One of the premier scientific instruments onboard the farside relay spacecraft is the Netherlands–China Low-Frequency Explorer (NCLE), built by a team of Dutch scientists and engineers.

Mounted on the satellite’s chassis, NCLE is the first Dutch-made scientific instrument to be sent on a Chinese space mission, and is the result of a 2016 agreement between the Netherlands Space Office and the China National Space Administration. When the satellite settles into its final orbit months from now, it will wait for Chang’e 4’s arrival at the moon in early 2019. Then NCLE’s three five-meter-long antennas will be rolled out and the scientific work will start.

Built to carry out cutting-edge radio science and astronomy, the radio antennas’ top duty is to precisely measure radio waves originating from the period immediately after the big bang—the so-called “dark age” of the cosmos, when the universe was bereft of stars. Through its studies NCLE could help pinpoint when the dark age ended in a “cosmic dawn,” as the first stars began to shine. “NCLE is a stepping-stone towards a larger radio array in space,” says project leader Albert-Jan Boonstra, an astronomer at ASTRON Netherlands Institute for Radio Astronomy. That array could be “either a radio interferometer on the farside surface of the moon or a slowly drifting constellation of many small satellites.”

A Moon Garden

All this is a prelude to China’s Chang’e 4 lander/rover mission, expected to be sent moonward by a Long March 3B booster this December. A candidate landing region for Chang’e 4 is the southern floor of Von Kármán, a 180-kilometer-wide crater within the South Pole–Aitken impact basin—the largest of its kind on the moon.

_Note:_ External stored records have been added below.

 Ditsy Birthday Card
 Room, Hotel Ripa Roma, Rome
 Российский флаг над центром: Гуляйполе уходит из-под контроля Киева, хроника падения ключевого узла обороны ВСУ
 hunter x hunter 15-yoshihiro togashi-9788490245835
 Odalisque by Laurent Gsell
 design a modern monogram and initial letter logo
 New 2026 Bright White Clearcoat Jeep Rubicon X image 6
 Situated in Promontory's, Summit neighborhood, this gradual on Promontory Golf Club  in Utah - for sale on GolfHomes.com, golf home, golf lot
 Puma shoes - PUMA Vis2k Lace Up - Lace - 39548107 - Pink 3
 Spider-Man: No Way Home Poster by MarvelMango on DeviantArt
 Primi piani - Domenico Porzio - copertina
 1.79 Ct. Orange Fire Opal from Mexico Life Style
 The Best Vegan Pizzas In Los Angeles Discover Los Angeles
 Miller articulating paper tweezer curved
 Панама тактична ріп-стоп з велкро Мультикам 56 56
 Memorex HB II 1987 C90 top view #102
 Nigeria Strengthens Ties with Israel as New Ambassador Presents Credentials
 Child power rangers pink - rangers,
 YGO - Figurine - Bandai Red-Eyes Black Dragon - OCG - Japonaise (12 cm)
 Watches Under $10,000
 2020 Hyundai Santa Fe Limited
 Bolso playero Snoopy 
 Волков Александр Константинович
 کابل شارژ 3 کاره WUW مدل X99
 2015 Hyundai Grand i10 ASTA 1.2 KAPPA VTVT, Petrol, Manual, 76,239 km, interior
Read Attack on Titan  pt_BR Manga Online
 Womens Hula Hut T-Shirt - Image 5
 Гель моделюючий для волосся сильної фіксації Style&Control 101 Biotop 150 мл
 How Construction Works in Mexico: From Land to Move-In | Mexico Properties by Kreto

Chang’e 4 will carry a cluster of international payloads from Germany, the Netherlands, Saudi Arabia and Sweden. The lander will also tote a “lunar mini biosphere” experiment, designed by 28 Chinese educational institutions led by Chongqing University. Weighing roughly seven pounds, this experiment will attempt to germinate seeds from potatoes and Arabidopsis, a small flowering plant related to cabbage and mustard. It may additionally include a number of silkworm eggs. The biosphere package also contains water, air and nutrients, which will hopefully allow the seeds and eggs to briefly flourish in their protective capsule on the lunar surface. A tiny camera and data transmission system will allow researchers to see when and if the seeds blossom.

Little Steps, Big Goals

China’s cislunar (the area of space between Earth and its moon) exploration program is designed to be conducted in three phases: The first is simply reaching lunar orbit, a task completed by Chang’e 1 in 2007. The second is landing and roving on the moon, as Chang’e 3 did in 2013. The third is snagging lunar samples and rocketing them back to Earth—a challenging objective meant to be incrementally advanced by Chang’e 4 and two follow-up missions, Chang’e 5 and 6. “China’s launch of the Queqiao relay satellite ushers in a new era of lunar infrastructure that will enable full exploration of the moon, including the poorly known lunar far side,” says James Head, a planetary scientist at Brown University. “Similar to the way in which GPS and communications satellites on the Earth provide an infrastructure for our activities in orbit and on the ground here,” he adds, “the Queqiao relay satellite underlines the robustness of China’s comprehensive plans for lunar exploration, including the upcoming Chang'e 4 farside lander and rover, the Chang'e 5 nearside sample-return mission, and lunar polar exploration beyond.”

Paul Spudis, a planetary scientist at the Lunar and Planetary Institute, views China’s robotic missions as “part of a long-term, sustained effort to establish Chinese cislunar presence.” He suggests the Chinese relay satellite, after first serving its assigned tasks, might later be useful for more speculative and visionary missions.

“In the case of Chang’e 4, after its main mission is complete I would move the relay satellite to a high ‘storage’ orbit and have it become part of a future comsat network,” Spudis says.